Watching this interaction, one young disciple immediately had a doubt. “We are all dressed them same. We all have shaven heads and beards. And when that man approached us, none of us were showing any external sign of reverence for our guru? How was this man able to tell him apart from the rest of us?” With this question in his mind, he put down his glass of tea and hurried after the traveller.

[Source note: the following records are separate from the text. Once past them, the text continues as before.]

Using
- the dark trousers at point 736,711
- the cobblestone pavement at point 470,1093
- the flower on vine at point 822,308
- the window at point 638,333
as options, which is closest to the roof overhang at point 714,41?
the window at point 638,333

When the young monk caught up with the man, he expressed his doubt. The man smiled and responded, “When I first saw you, I knew that you were all monks. But, indeed, I could not tell who the Master was. But then I looked at the manner in which all of you were drinking your tea. For 40 of you, there was nothing special about it—just a group of men enjoying a cup of chai. But when my eyes fell upon your guru, it was as if I was watching something completely different. In fact, the way he held his cup of chai reminded me of the way a mother holds her child. His every action and look were full of love, reverence and compassion. It was as if he was not holding an insentient object at all, but God Himself embodied in a metal cup. Seeing this, it was infinitely clear to me that he was the master, so I walked directly up to him and offered my pranam.”
There was a special incident on the first leg of Amma’s 2007 Bharata Yatra. It took place in Amma’s Madurai ashram, in the mid-morning after the conclusion of the program there. Amma’s darshan had gone on till almost five o’clock that morning. And as such everyone was just starting to get ready to load all the buses and lorries for the trip to Ramanathapuram. It was at this time that Amma suddenly walked out of her room and up the stairs to the ashram’s roof, where all the brahmacharis were staying.

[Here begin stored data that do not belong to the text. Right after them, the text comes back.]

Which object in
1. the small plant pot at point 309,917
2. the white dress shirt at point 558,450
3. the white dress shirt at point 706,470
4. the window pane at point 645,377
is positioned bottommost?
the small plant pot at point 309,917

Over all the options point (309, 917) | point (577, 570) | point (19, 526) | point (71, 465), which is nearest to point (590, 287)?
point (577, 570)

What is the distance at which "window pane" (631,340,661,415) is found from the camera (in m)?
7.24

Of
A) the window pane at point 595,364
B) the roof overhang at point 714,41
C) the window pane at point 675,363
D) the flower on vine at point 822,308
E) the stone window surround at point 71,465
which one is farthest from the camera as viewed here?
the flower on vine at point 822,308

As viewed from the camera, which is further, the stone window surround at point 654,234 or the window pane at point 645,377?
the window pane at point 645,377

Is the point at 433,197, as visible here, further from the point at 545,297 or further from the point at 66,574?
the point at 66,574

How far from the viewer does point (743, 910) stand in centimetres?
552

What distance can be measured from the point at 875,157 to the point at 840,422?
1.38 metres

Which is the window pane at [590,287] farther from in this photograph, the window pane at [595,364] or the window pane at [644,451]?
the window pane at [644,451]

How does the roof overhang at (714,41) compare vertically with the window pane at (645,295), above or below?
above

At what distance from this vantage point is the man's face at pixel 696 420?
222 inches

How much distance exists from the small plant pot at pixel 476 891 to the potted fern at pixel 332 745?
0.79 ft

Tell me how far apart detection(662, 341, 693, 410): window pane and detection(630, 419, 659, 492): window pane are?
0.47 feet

A chair was brought and Amma soon sat down, everyone filling in as close to her as possible. But Amma did not want this. She told everyone to clear a little bit of space and to remove all the straw sleeping mats that were covering the floor. A temporary thatched roof had been erected to shelter the brahmacharis from the sun, and Amma told some of them to cover the section of the thatch work above her with a sheet. Then one brahmachari came up the stairs carrying a gas cylinder and burner for cooking. He was followed by a couple of brahmacharinis carrying a large metal frying pot, a drum of cooking oil and a large bowl of batter. Amma was going to fry unni appam1.

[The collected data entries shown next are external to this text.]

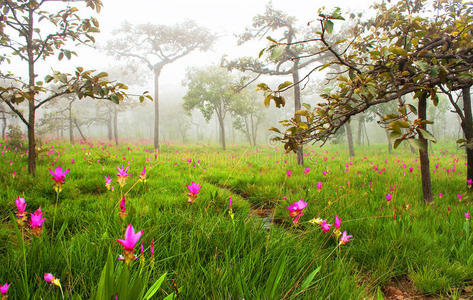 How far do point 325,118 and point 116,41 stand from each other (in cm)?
2150

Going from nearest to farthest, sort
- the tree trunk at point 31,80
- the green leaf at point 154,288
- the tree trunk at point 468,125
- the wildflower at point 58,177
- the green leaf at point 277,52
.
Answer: the green leaf at point 154,288, the wildflower at point 58,177, the green leaf at point 277,52, the tree trunk at point 468,125, the tree trunk at point 31,80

The burner was lit and the oil poured into the pot. By now, all the 500 or so disciples and devotees helping with Amma’s tour had come to the roof.
Amma tested the heat of the oil by dropping a small piece of batter into the pot and seeing how quickly it rose to the surface. “These are my children,” Amma joked, referring to how the guru uses the heat of experiences to prepare the mind of the disciple. When she felt the oil was ready, Amma began placing scoop after scoop of batter into the oil. And for some time, she continued her joke, naming the different balls of batter after various brahmacharis and brahmacharinis. As the appams became ready, two or three brahmacharinis sitting near Amma began removing them from the oil using metal sticks. These were then place into a bowl for Amma to distribute by hand later.
For the next half an hour or so, 500 grown people simply watched Amma cook unni appam. Not much was said—not by Amma, nor by her children. Yet everyone was riveted. They hung on Amma’s every movement, every gesture. What was so fascinating about it? Ostensibly, it was nothing but a woman cooking snacks. So why was everyone so engrossed? Spellbound even? The answer lies in the way Amma scooped the batter, the way she poured it into the oil, the way she watched the appam transform from the inedible to the edible. Her actions were so full of love, so full of compassion, so full of knowledge. It truly was as if the appam were, as Amma had said—her children. For a mahatma like Amma, there is no such thing as the insentient. Everything is steeped in consciousness. It is this knowledge that reflects in Amma’s actions. It lends them a beauty and grace that can keep mankind fascinated for an eternity.
1 Unni appam is a ball-shaped fried sweet of Kerala, containing shredded coconut, banana, fried sesame seeds, liquid palm sugar, rice powder, ghee and coconut oil.